Ouko experimentó otro espasmo que estuvo a punto de derribar a Sondra de la cama. Cuando el tronco y las caderas del niño se levantaron del colchón y su espalda se arqueó, Sondra oyó un crujido de huesos a punto de romperse.
—Santo cielo —murmuró, parpadeando para evitar que el sudor le penetrara en los ojos mientras sujetaba la bolsa contra la cánula.
—¡Succión, enfermera! ¡Rápido! ¡Se está desangrando en la tráquea!

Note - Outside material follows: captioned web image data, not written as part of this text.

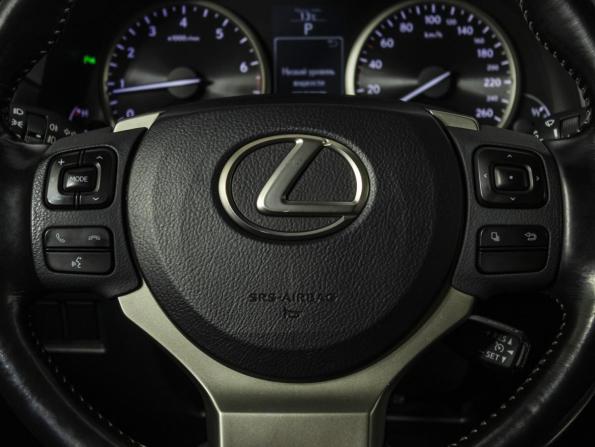 Lexus NX I с пробегом 2016 года, цена 2 799 000 рублей, 92039 км, внедорожник, Автокод Объявления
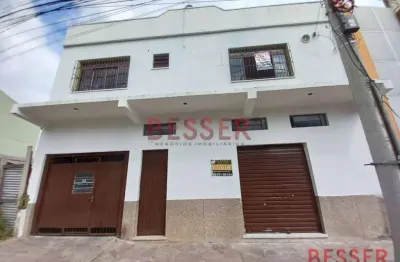 Sala para alugar, 90 m² por r$ 3.600,00/mês - centro - sapucaia do sul/rs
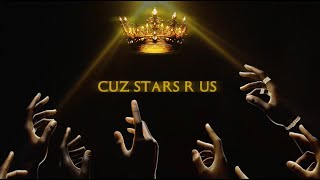 Masicka Popcaan  Stars R Us Lyric Video [upl. by Zavras403]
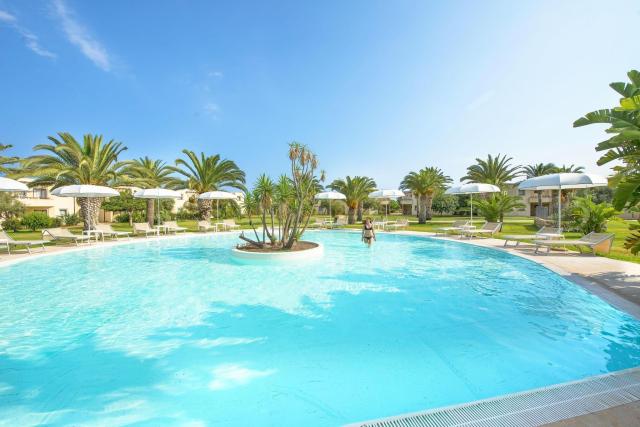 VOI Arenella Resort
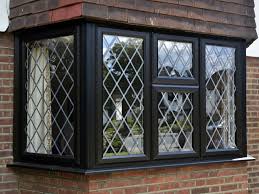 Not as high quality as i had hoped. Apex Windows Diamond Square Leaded Windows Bedfordshire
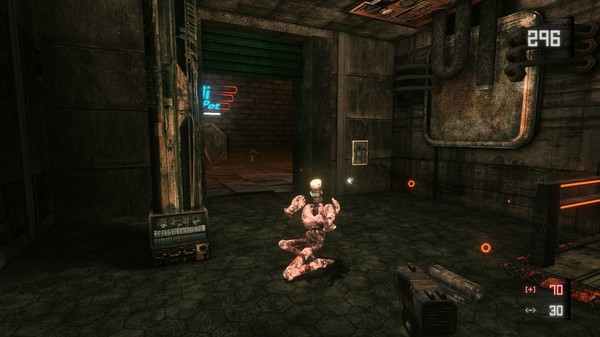 Screenshot z Syndeo-Complex Screenshot z Syndeo-Complex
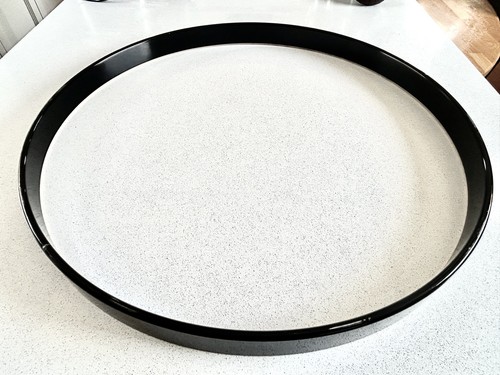 Design bass drum - 22",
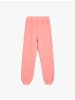 KOTON Sweathose in Rosa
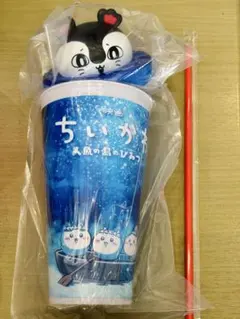 映画ちいかわ セイレーン ドリンクカップホルダー 2個セット - メルカリ
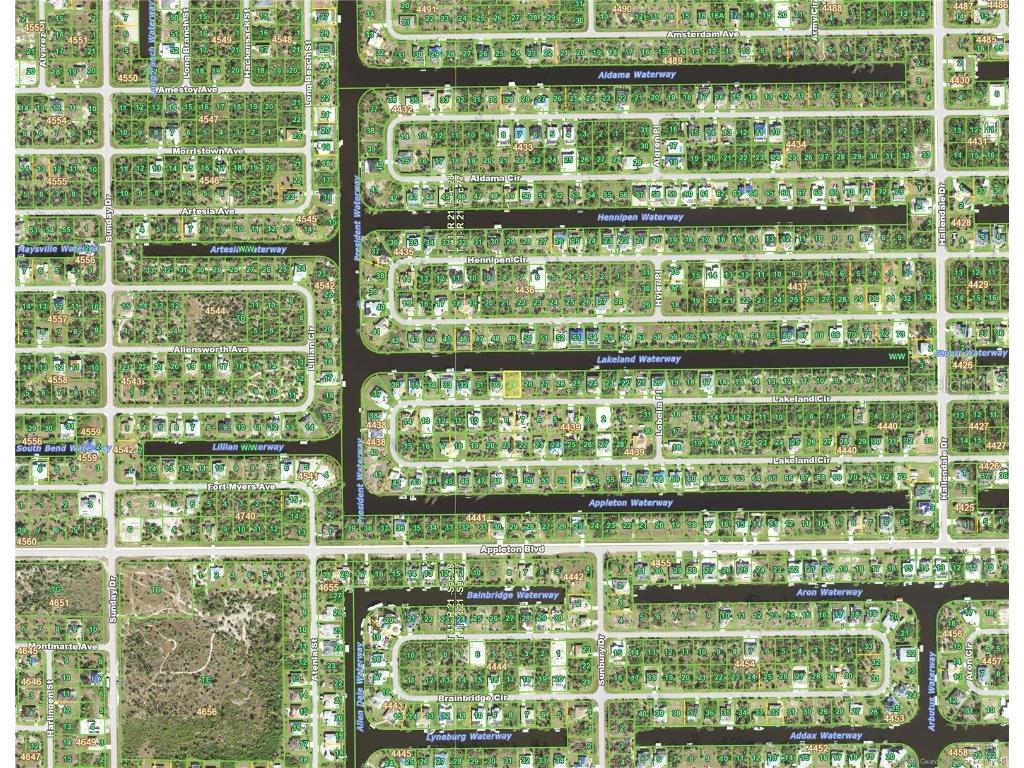 15200 Lakeland Circle Port Charlotte FL 33981 D6135880 image1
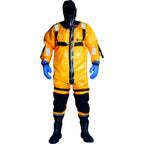 Mustang Survival Mustang Ice Commander Rescue Suit Gold - Boatyard Malaysia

La enfermera permaneció inmóvil, mirándola aterrorizada.
—¡Ayúdeme!
De repente, apareció Derry y, apartando a la enfermera a un lado, clavó sin pérdida de tiempo una aguja hipodérmica en el rígido muslo del niño. Mientras el curare paralizaba los músculos contraídos, Derry tomó un catéter de goma de la mesilla de noche, aplicó a uno de sus extremos la jeringa de aire, miró a Sondra, asintió con la cabeza y, cuando la muchacha retiró la bolsa de la cánula introdujo el catéter a través de la misma y aspiró con la jeringa. La sangre llenó el cilindro y Derry lo vació en una palangana y volvió a aspirar, sacando más sangre fresca. Los músculos de Ouko ya se habían relajado y Sondra intentaba cortar la hemorragia que había producido la incisión. Las cuatro manos de ambos trabajaban al unísono como si pertenecieran a una sola persona. Derry aspiró, se detuvo un instante para que Sondra dilatara unas cuantas veces los pulmones de Ouko y, después, volvió a aspirar mientras ella terminaba de limpiar la herida.
Al final, colocaron unas sábanas limpias bajo el cuerpo inconsciente de Ouko y le lavaron sin dejar en ningún momento de comprimir la bolsa. Al terminar, la enfermera se llevó la ropa sucia y ellos se sentaron uno a cada lado de la cama. La fuerte mano de Derry comprimía rítmicamente la bolsa, mientras Sondra auscultaba el tórax del niño a través del estetoscopio.
—Los pulmones los tiene limpios —dijo Sondra por fin, mientras retiraba el estetoscopio.
—¿Cuánto rato ha estado sin oxígeno?
—Lo ignoro. Dos minutos, puede que tres.
—Entonces no va a pasar nada. —Derry tuvo que cambiar de mano; la constante compresión de la bolsa le producía calambres en los dedos—. Bueno, doctora, me parece que podremos arreglarlo.
Sondra contempló el hermoso rostro de Derry envuelto por las sombras.
—Podemos pedir a la familia que nos ayude —dijo—. Hermanos, hermanas, primos. Todos se pueden tornar para comprimir la bolsa.
—Llamaré al hospital de Voi, quizá puedan prestarnos un aparato de respiración artificial —dijo Derry, mirándola con sus ojos intensamente azules—. En caso contrario, llamaré a Nairobi. Le pondremos un suero en el acto y, luego, intentaremos alimentarle a través de una sonda nasogástrica.
Sondra estudió el cansado rostro de Derry, sus anchos hombros y la rítmica flexión de los músculos de su brazo.
—Perdóname lo que te dije sobre la condena a muerte de Ouko. Estaba un poco nerviosa —le dijo Sondra.
—Lo sé, no te preocupes. Son cosas que nos ocurren a todos.
Se miraron largo rato en silencio, cercados por la noche africana.